Print exactly the lines below between the line containing "back of house" and the line containing "a bedroom with furniture and a chandelier", counting both of those lines. Leave pictures out.

━━ ENTRIES SHOWN

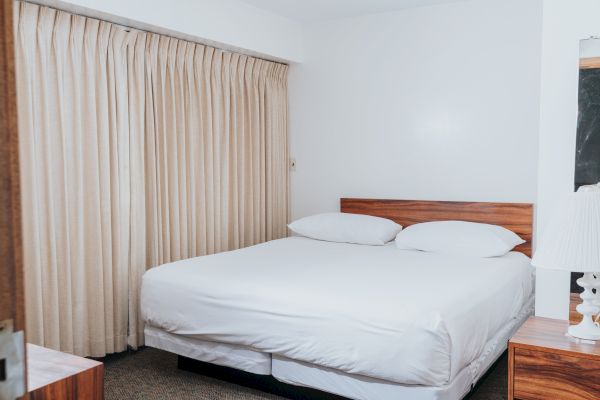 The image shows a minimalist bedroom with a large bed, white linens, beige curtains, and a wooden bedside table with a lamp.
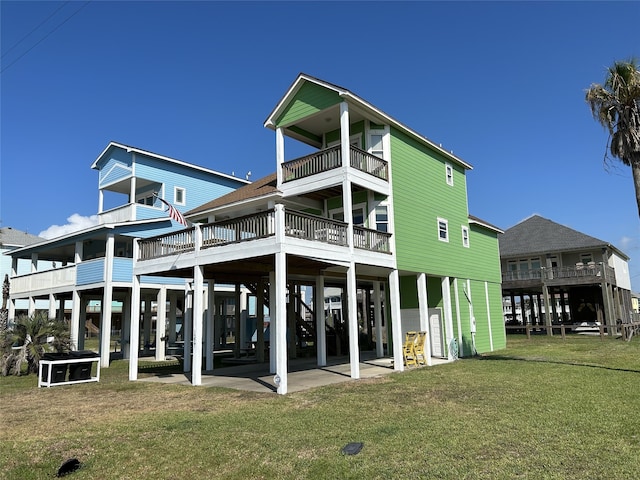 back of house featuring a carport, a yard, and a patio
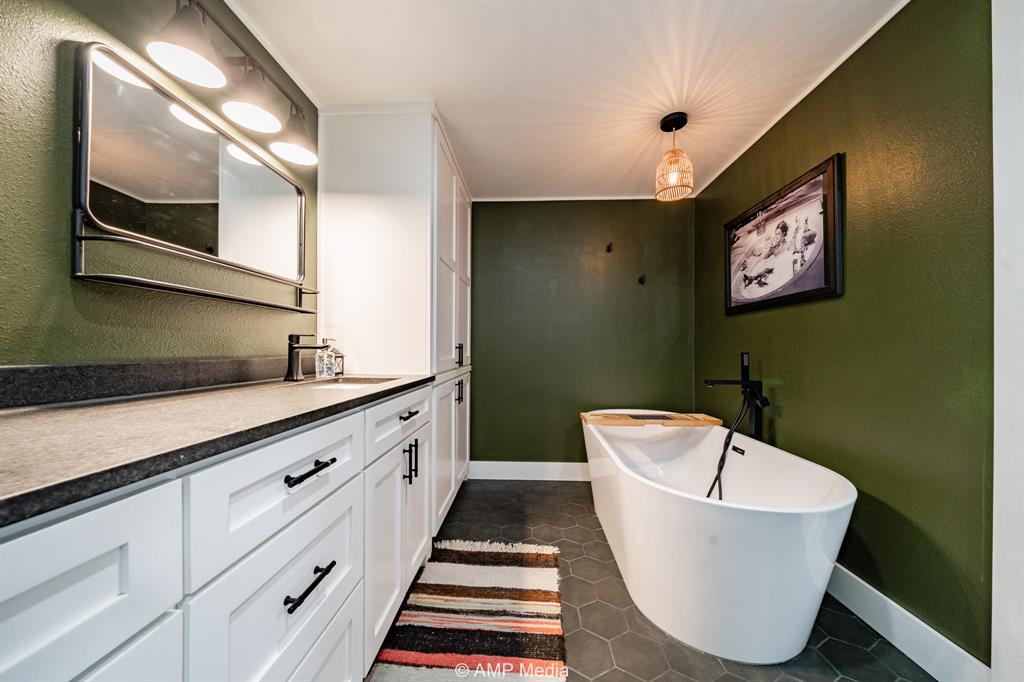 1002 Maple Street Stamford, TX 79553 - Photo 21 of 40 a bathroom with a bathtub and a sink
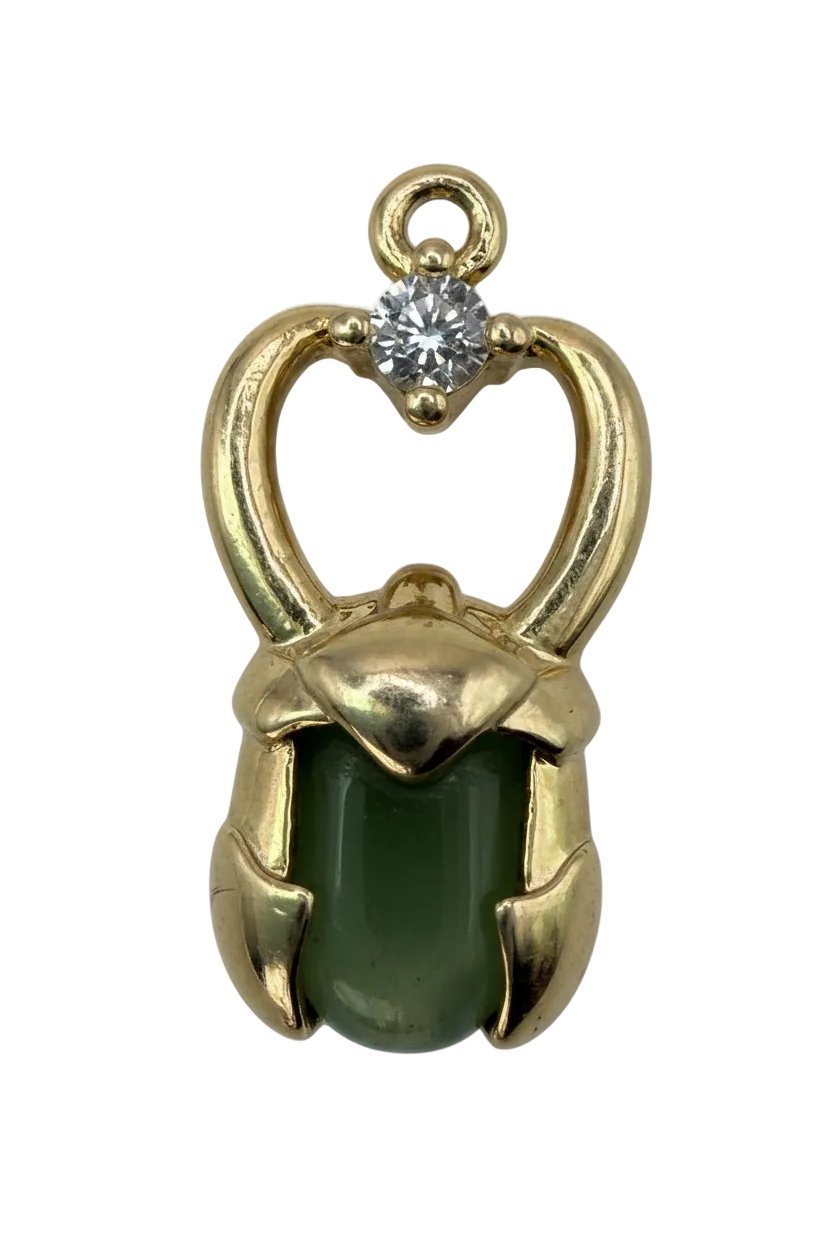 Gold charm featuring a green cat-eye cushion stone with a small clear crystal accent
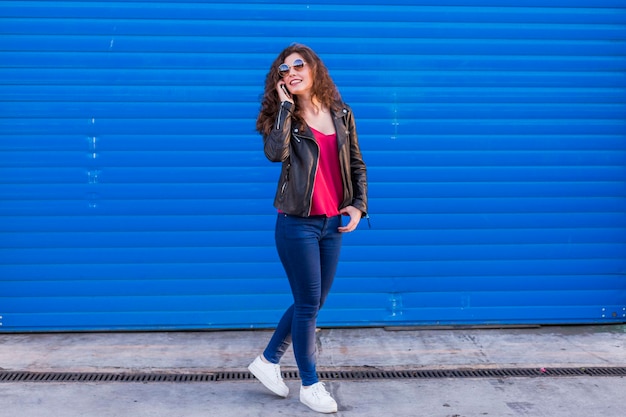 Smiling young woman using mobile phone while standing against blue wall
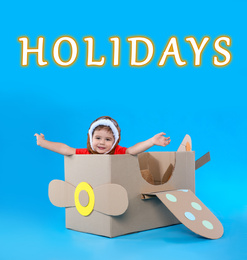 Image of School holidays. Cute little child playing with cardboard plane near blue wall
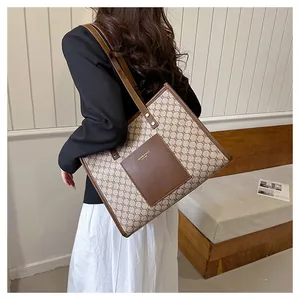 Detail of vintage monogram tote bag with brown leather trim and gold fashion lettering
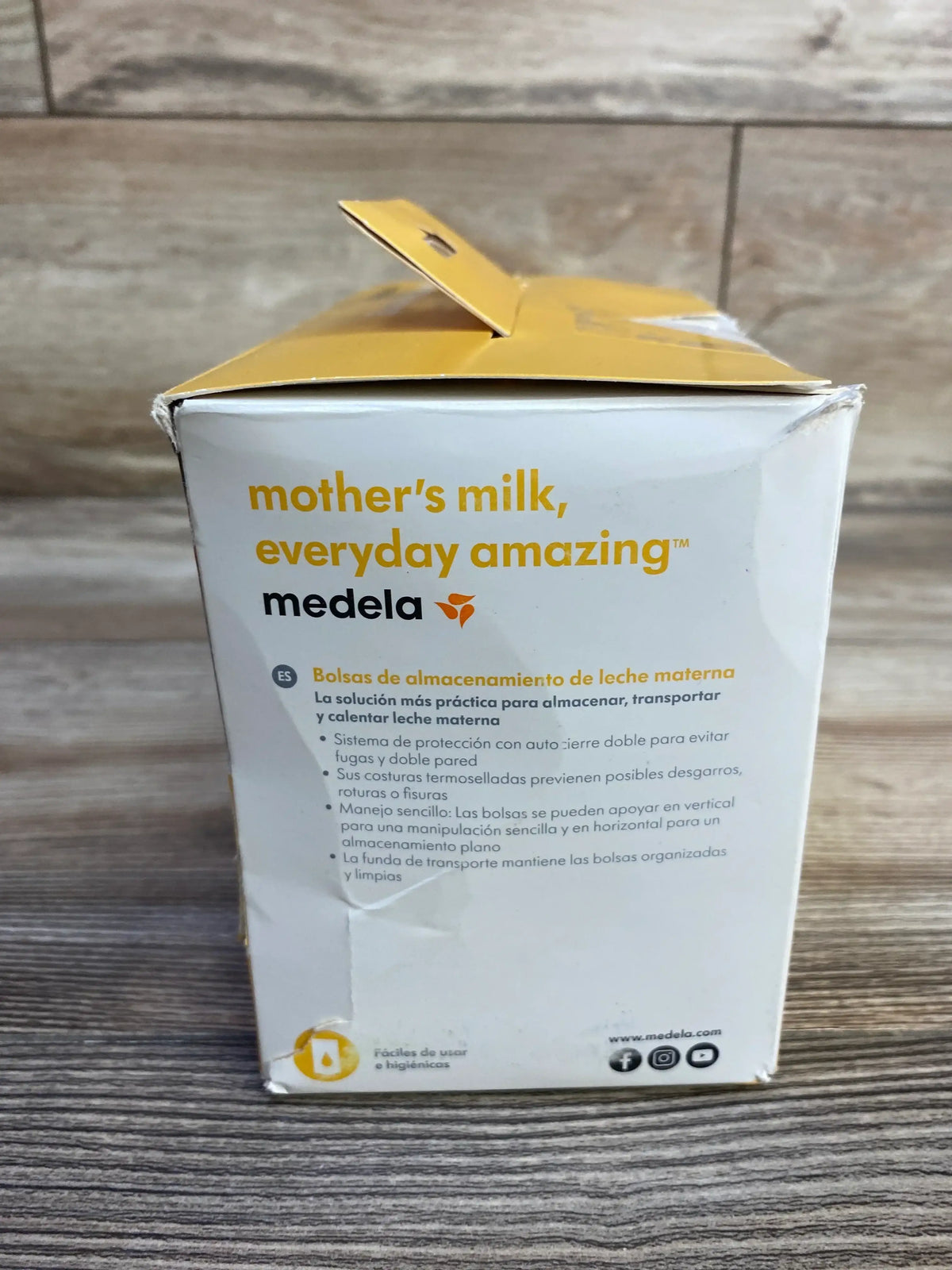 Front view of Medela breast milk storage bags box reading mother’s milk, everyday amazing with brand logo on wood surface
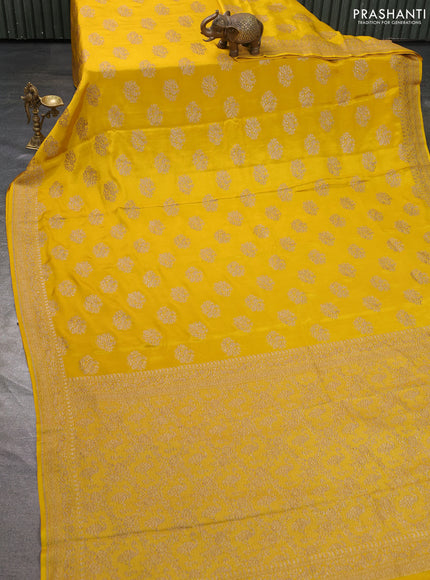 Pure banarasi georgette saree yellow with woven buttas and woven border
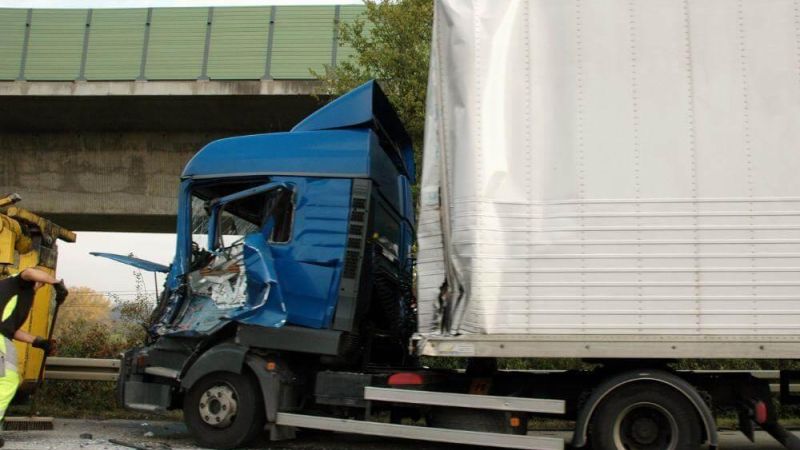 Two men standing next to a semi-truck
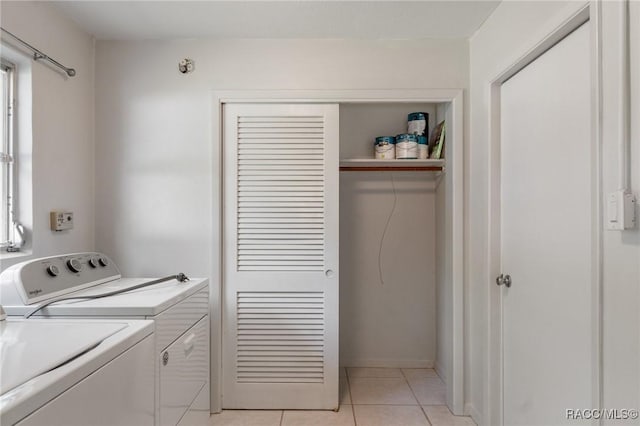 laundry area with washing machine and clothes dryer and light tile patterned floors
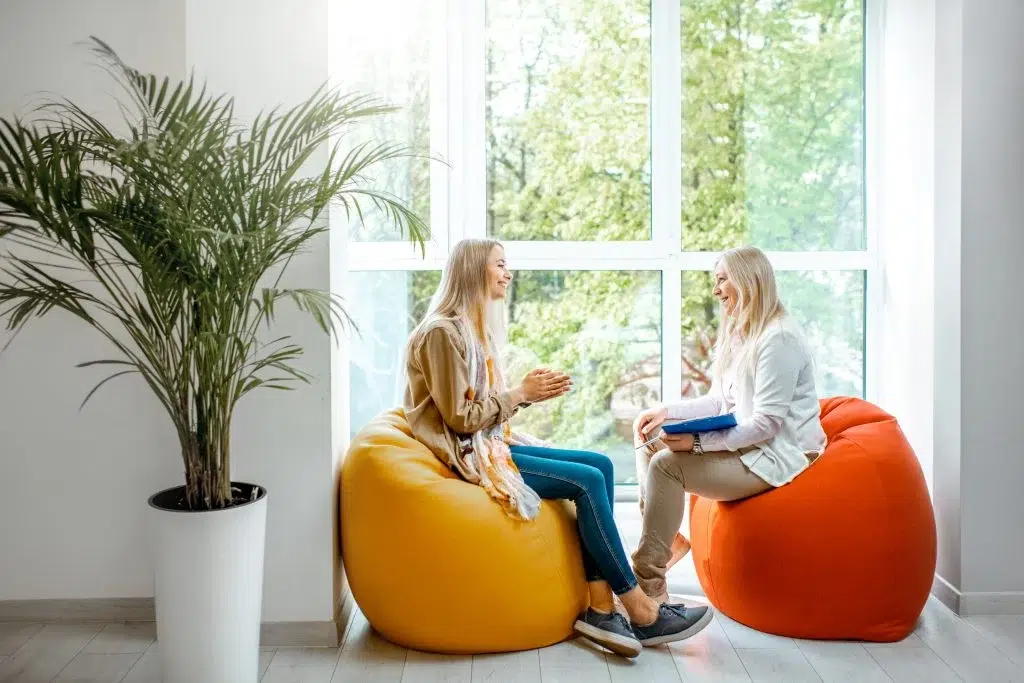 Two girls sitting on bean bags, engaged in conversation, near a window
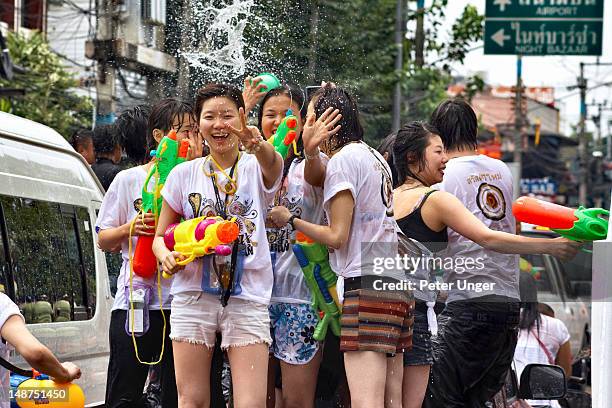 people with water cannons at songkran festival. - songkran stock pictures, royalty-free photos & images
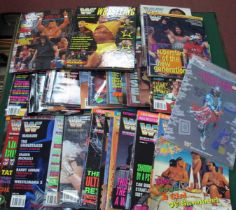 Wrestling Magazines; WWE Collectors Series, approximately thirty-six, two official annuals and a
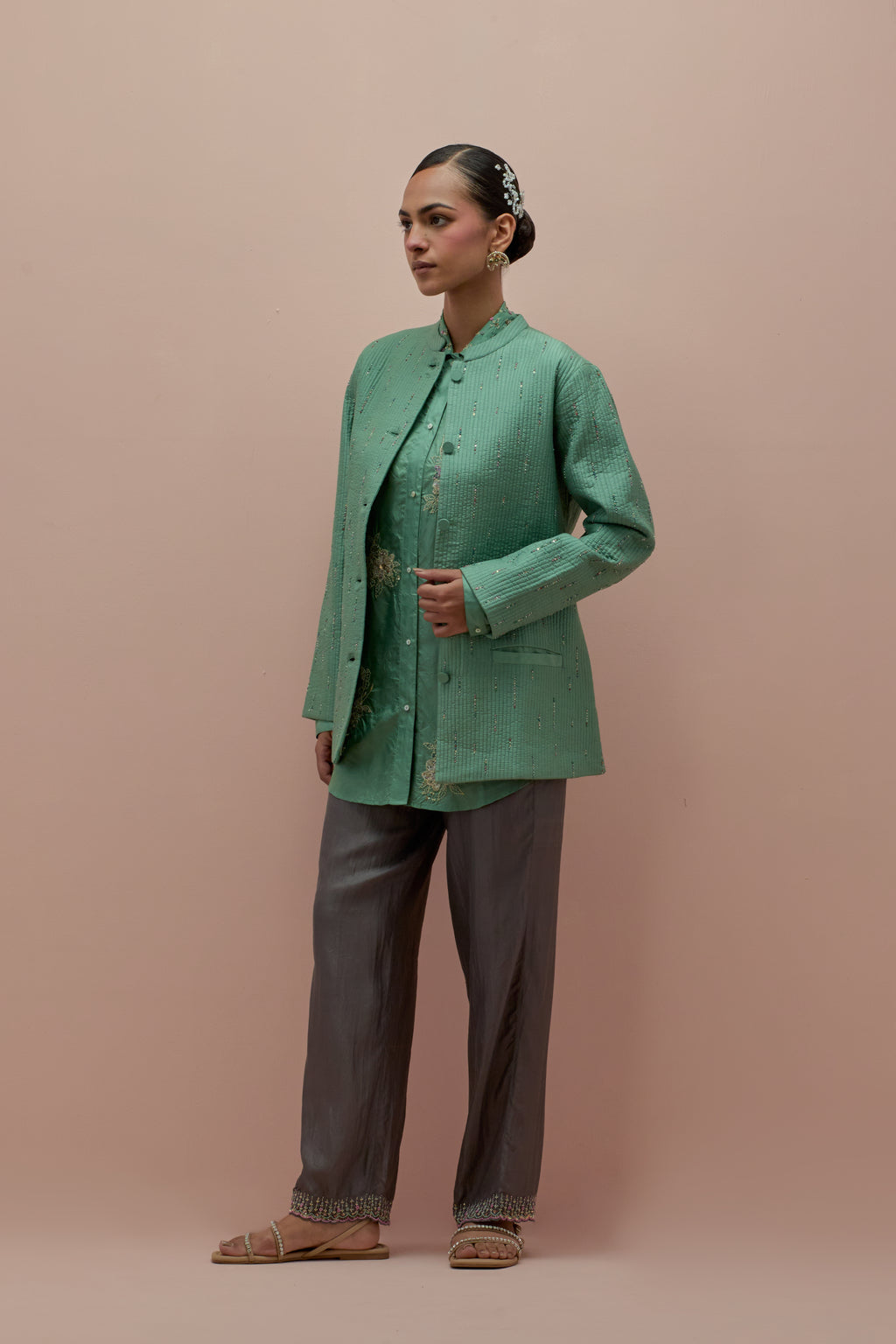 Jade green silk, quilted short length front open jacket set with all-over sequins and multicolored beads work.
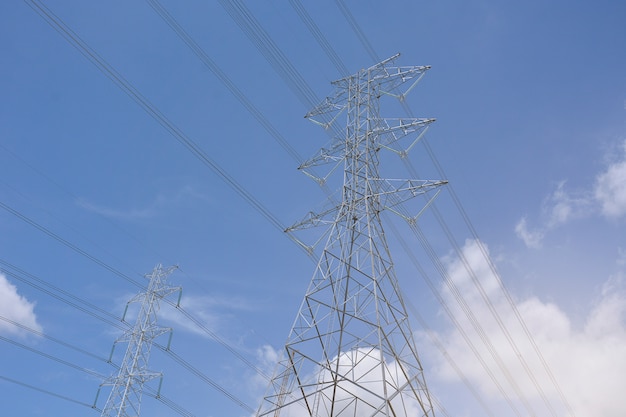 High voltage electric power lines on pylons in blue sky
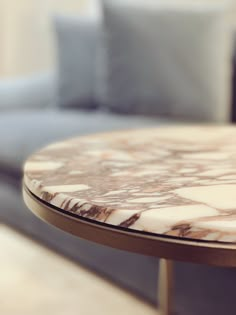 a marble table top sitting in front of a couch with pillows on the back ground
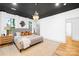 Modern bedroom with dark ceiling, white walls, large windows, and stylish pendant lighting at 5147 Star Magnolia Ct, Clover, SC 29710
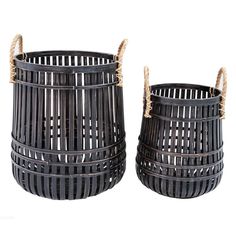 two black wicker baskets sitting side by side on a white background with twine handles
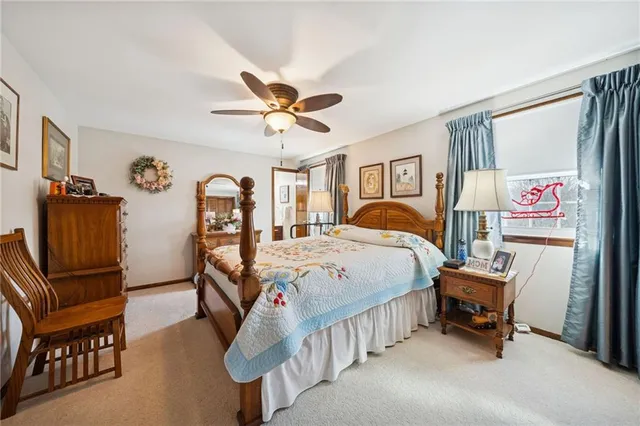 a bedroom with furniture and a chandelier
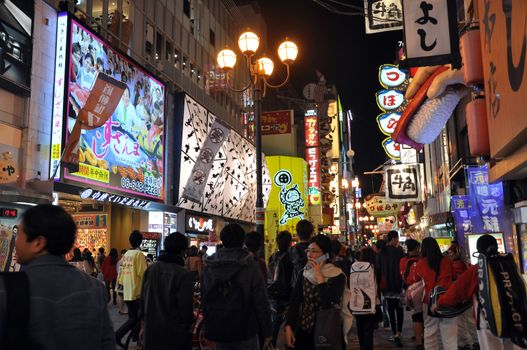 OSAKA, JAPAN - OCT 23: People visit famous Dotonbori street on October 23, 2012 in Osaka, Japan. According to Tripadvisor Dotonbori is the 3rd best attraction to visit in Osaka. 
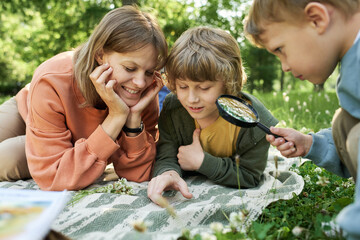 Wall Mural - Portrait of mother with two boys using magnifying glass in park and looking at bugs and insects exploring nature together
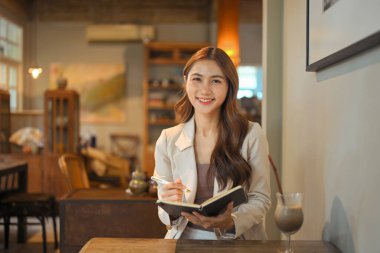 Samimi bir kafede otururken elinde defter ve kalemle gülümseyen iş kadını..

━━━━

§ **SOLUTION TO THIS EXERCISE**
 back of house featuring a carport, a yard, and a patio
 1002 Maple Street Stamford, TX 79553 - Photo 21 of 40 a bathroom with a bathtub and a sink
 Gold charm featuring a green cat-eye cushion stone with a small clear crystal accent
 Smiling young woman using mobile phone while standing against blue wall
 Image of School holidays. Cute little child playing with cardboard plane near blue wall
 Detail of vintage monogram tote bag with brown leather trim and gold fashion lettering
 Front view of Medela breast milk storage bags box reading mother’s milk, everyday amazing with brand logo on wood surface
 Pure banarasi georgette saree yellow with woven buttas and woven border
 Two men standing next to a semi-truck
 laundry area with washing machine and clothes dryer and light tile patterned floors
 Two girls sitting on bean bags, engaged in conversation, near a window
 people with water cannons at songkran festival. - songkran stock pictures, royalty-free photos & images
 Wrestling Magazines; WWE Collectors Series, approximately thirty-six, two official annuals and a
 Jade green silk, quilted short length front open jacket set with all-over sequins and multicolored beads work.
 High voltage electric power lines on pylons in blue sky
 a marble table top sitting in front of a couch with pillows on the back ground
 Modern bedroom with dark ceiling, white walls, large windows, and stylish pendant lighting at 5147 Star Magnolia Ct, Clover, SC 29710
 two black wicker baskets sitting side by side on a white background with twine handles
 a bedroom with furniture and a chandelier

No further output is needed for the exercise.